The hundreds of thousands of fighters who belonged to ISIS and al-Qaeda during the war, and who have now become the official army, judges, educators, and imams of Syria, have created a catalyst that will force the majority of Sunni Syrians into behavioral reinstatement compatible with this environment. This environment is the materialization of the core beliefs embedded within them.
Sunni Syrians who had acted as obedient citizens under Assad’s suppression, the moment a jihadist regime took power and created an environment suitable for the resurgence of compatible behaviors, declared enmity toward minorities, the Alawites, the Druze, and the Kurds. With very few exceptions, thousands were massacred, kidnapped, raped, and beheaded because the catalyst was activated.
The situation in Syria today is the culmination and incarnation of what the Palestinian cause has represented in the imagination of Muslims worldwide.
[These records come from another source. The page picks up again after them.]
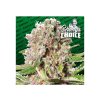 Konopné semínko paradise seeds mendocino skunk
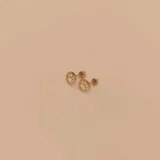 Par de caravanas de oro amarillo 9k con forma circular y diseño calado de huella de perro.
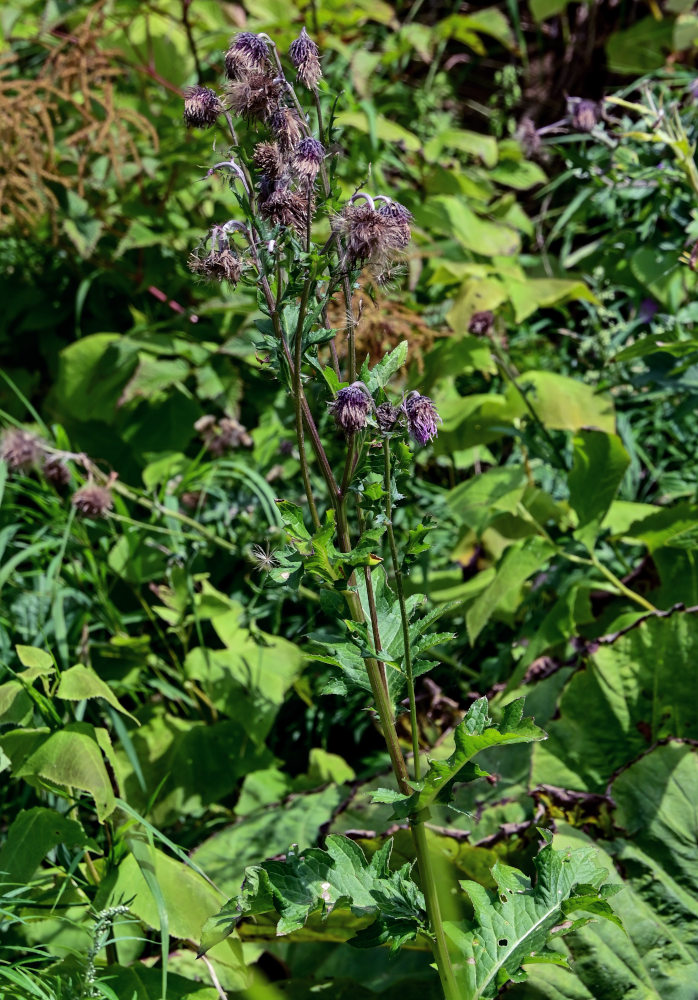 Image of Cirsium kamtschaticum specimen.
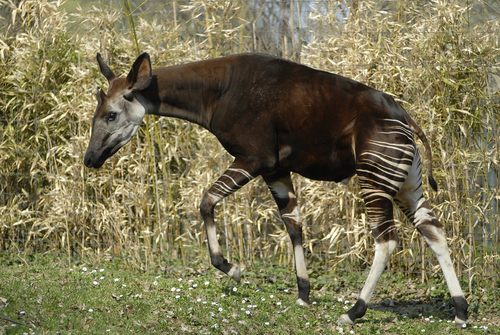 Image of Okapi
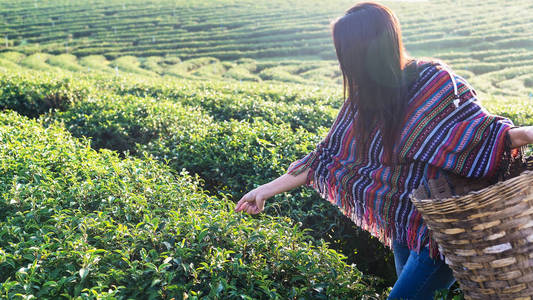 美丽的亚洲妇女早上在茶叶地里收割茶叶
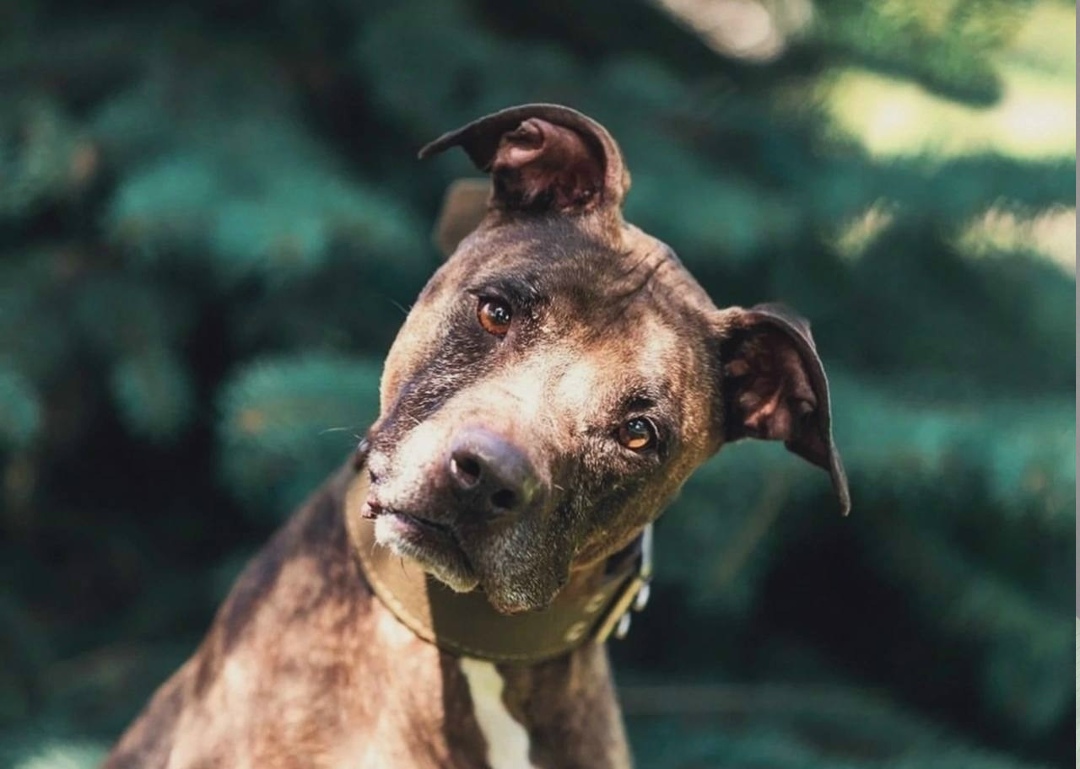 Найдена собака в Сергиевом Посаде — фото объявления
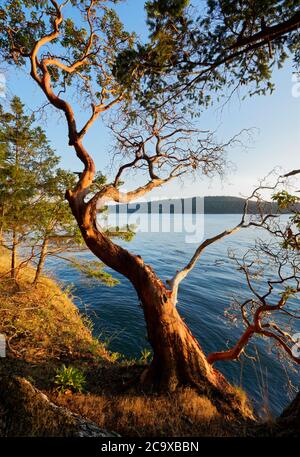 Pacific madrone (Arbutus menziesii) overlooking Skagit Bay, Skagit Island Marine State Park, Skagit County, Washington State, USA Stock Photo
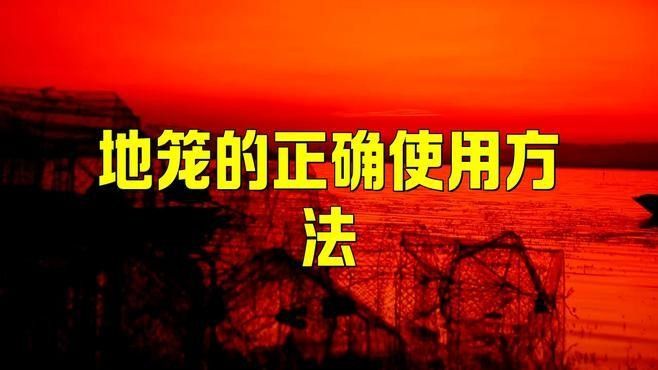 捕魚地籠的正確使用方法（地籠捕魚的正確方法）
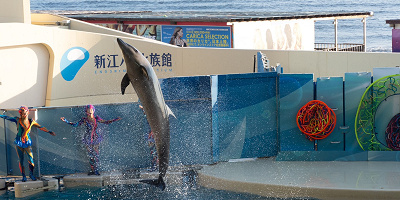 【新江ノ島水族館】えのすい駐車場ガイド！主要な周辺駐車場の料金・混雑・注意点・アクセスまとめ！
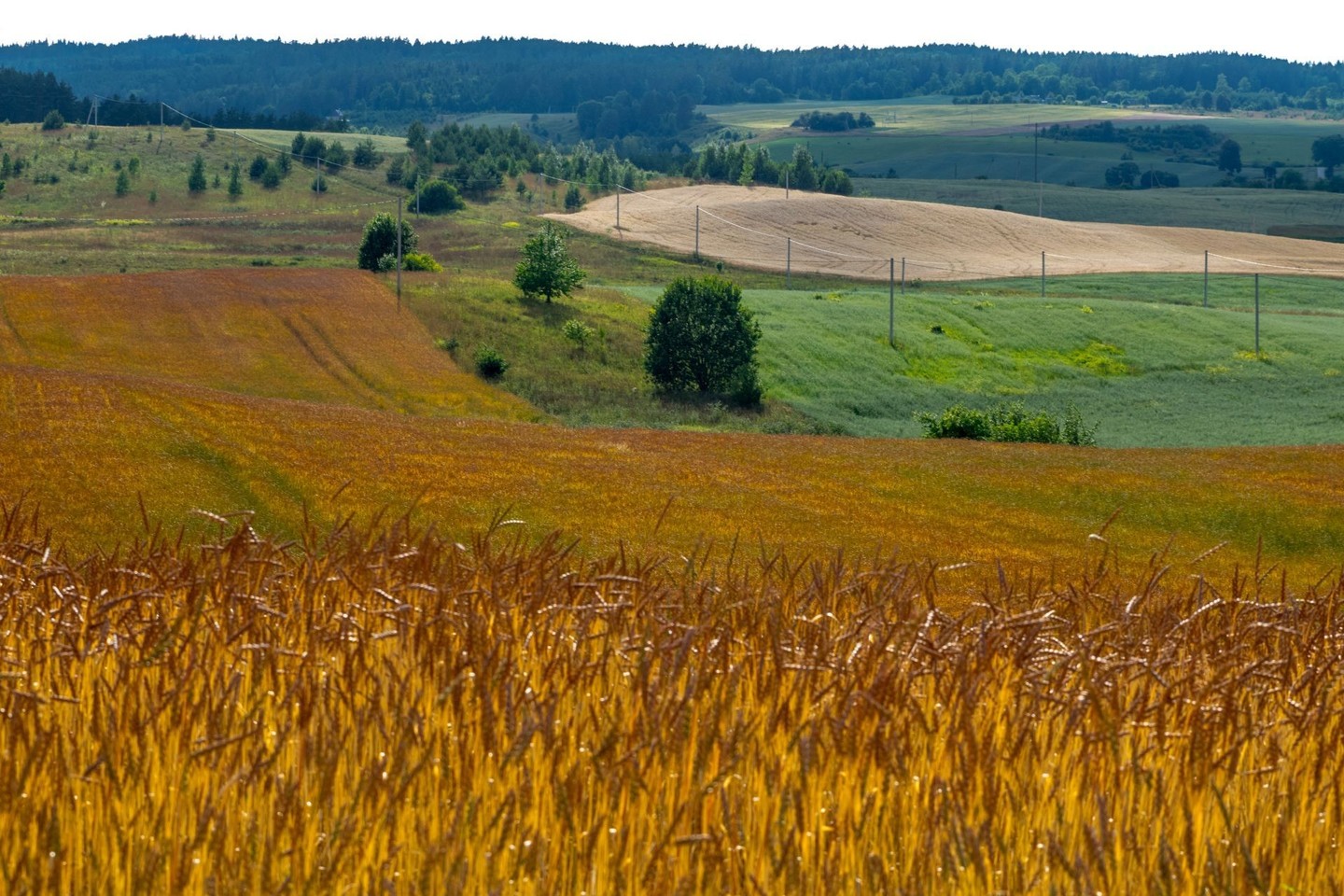 Šiemet javų derlius Lietuvoje bus apie 6 procentais didesnis nei pernai.<br>V.Ščiavinsko nuotr.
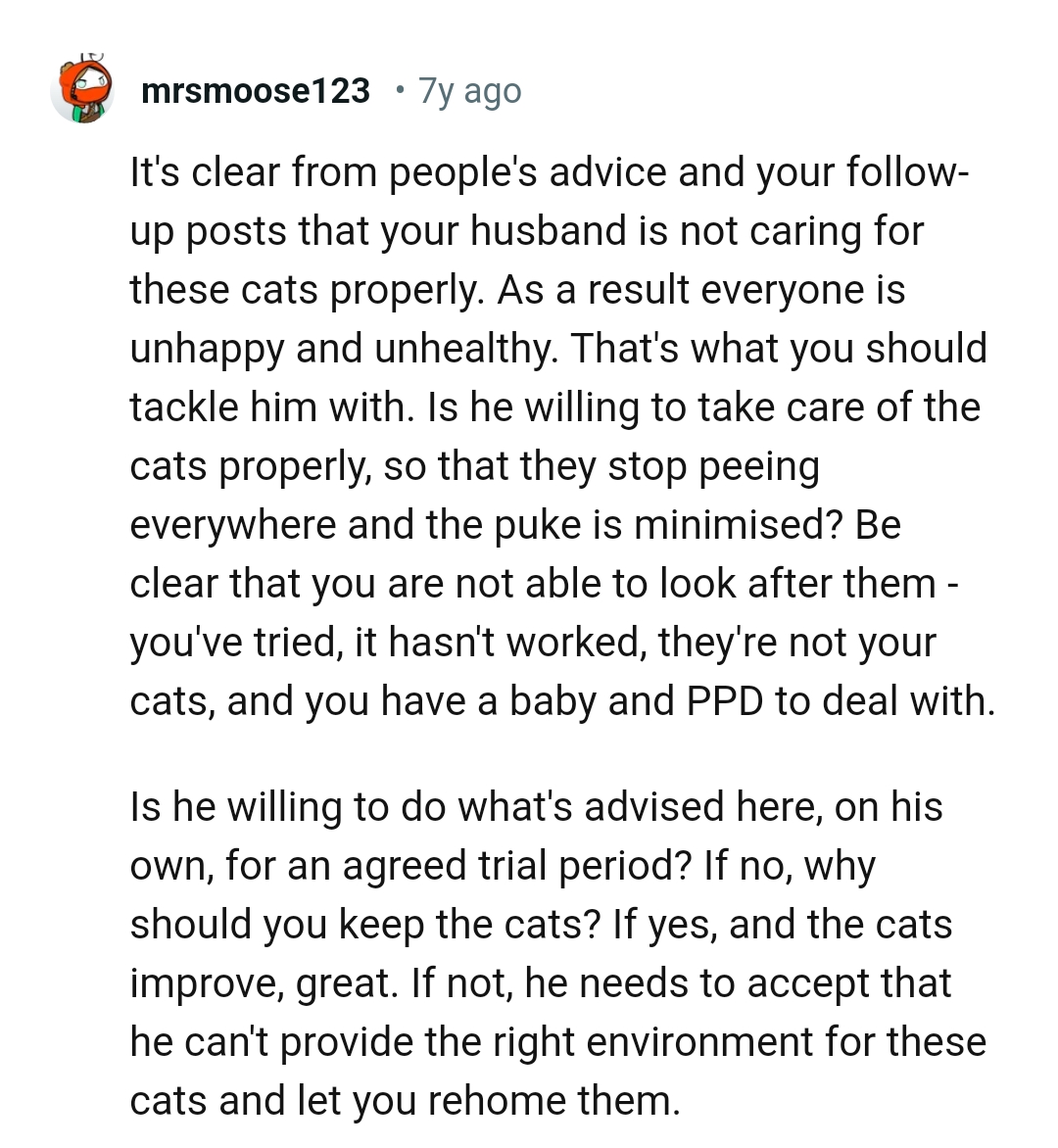 It's Clear OP's Husband Isn't Caring for the Cats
Palestine functions as a catalyst for the surfacing of enmity toward Jews, an enmity embedded in the core identity of Muslims across the world.
The legitimization of a jihadist regime in Syria, even if al-Sharaa is a CIA asset, is the perfect formula for taking millions of children who grew up in violent environments, whose behavior was merely contained, and placing them back into a violent environment capable of reinstating those behaviors. The result will be the rapid transformation of the country into a hub for terrorism.